2. If serverlen was small enough, we'll successfully extend the target
strbuf, and then copy an arbitrary set of bytes from "base". And
then one of these is true:
a. That set of bytes is much larger than the length of the "base"
string. This is an out-of-bounds read, but there's no
out-of-bounds write, since the strbuf code both allocates and
copies using the same size_t. This is likely to cause a
segfault as we try to read unmapped pages of memory.

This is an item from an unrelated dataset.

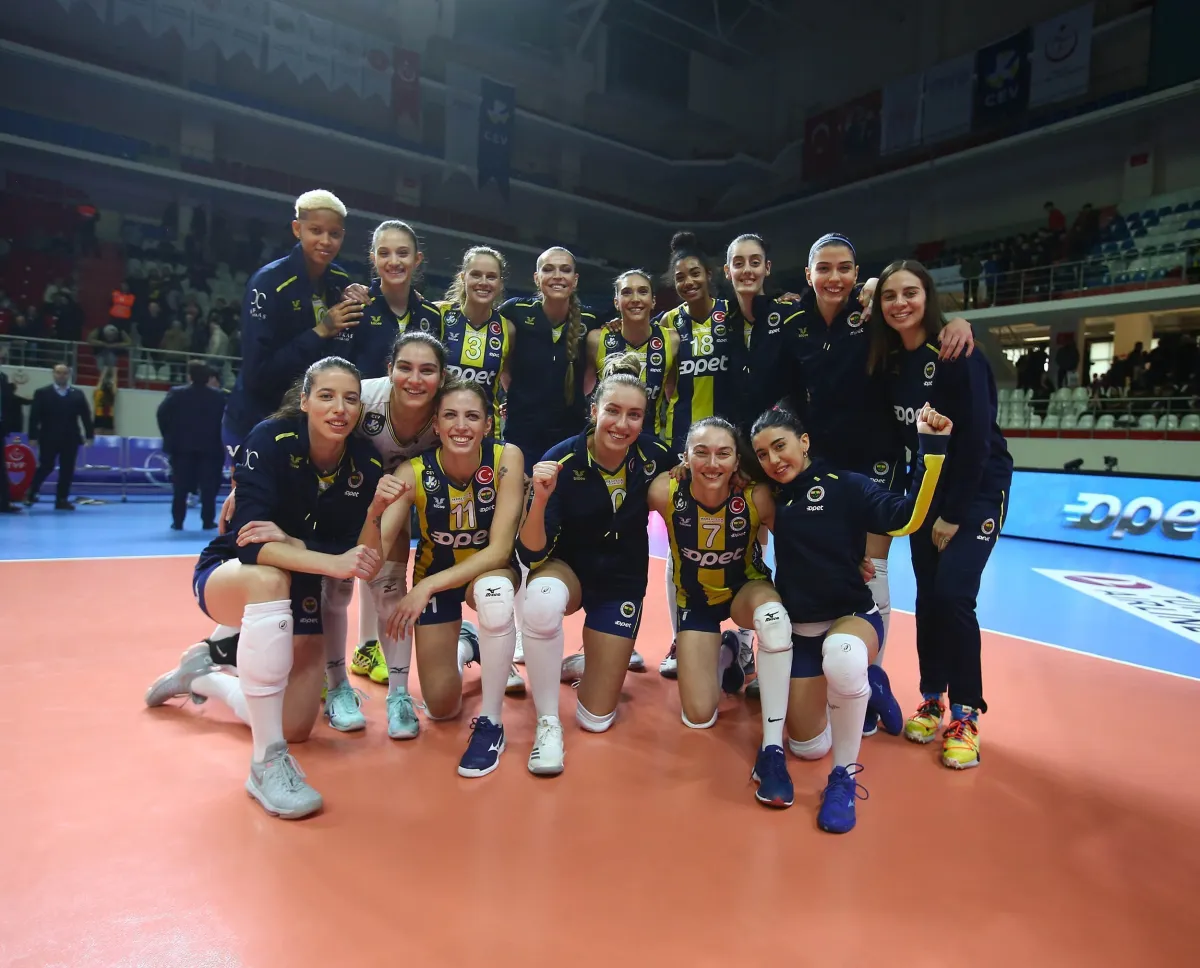 Fenerbahçe OPET, Galatasaray HDI Sigorta'da Rövanşı aldı: 3-0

b. Like (2a), but if the set of bytes is small enough we might
not segfault. We might read random memory from the process and
copy it into the "target" strbuf.
What happens then? We know that "base" ends with a NUL
terminator, which will be copied into "target" as well. So
even though target.len might be 1000 bytes (or whatever), when
interpreted as a NUL-terminated string, target.buf is still
the exact same string as "base".
And that's all we ever do with target: pass it around as a C
string, and then eventually strbuf_detach() it to become a C
string. So even though there was arbitrary memory copied into
the strbuf, we never access it.
c. The other interesting case is when serverlen is actually
_shorter_ than the length of base. And there we truncate the
string. Probably in a way that makes it totally invalid, but
if you were very unlucky you could turn something like:
http://victim.com.evil.domain:8000
into:
http://victim.com
Which looks like the start of a redirect attack, except that
the attacker could just have written "http://victim.com" in
the first place! Either way we feed it to
is_alternate_allowed(), which is where we check redirect and
protocol rules.
I think we can just treat this like a regular bug.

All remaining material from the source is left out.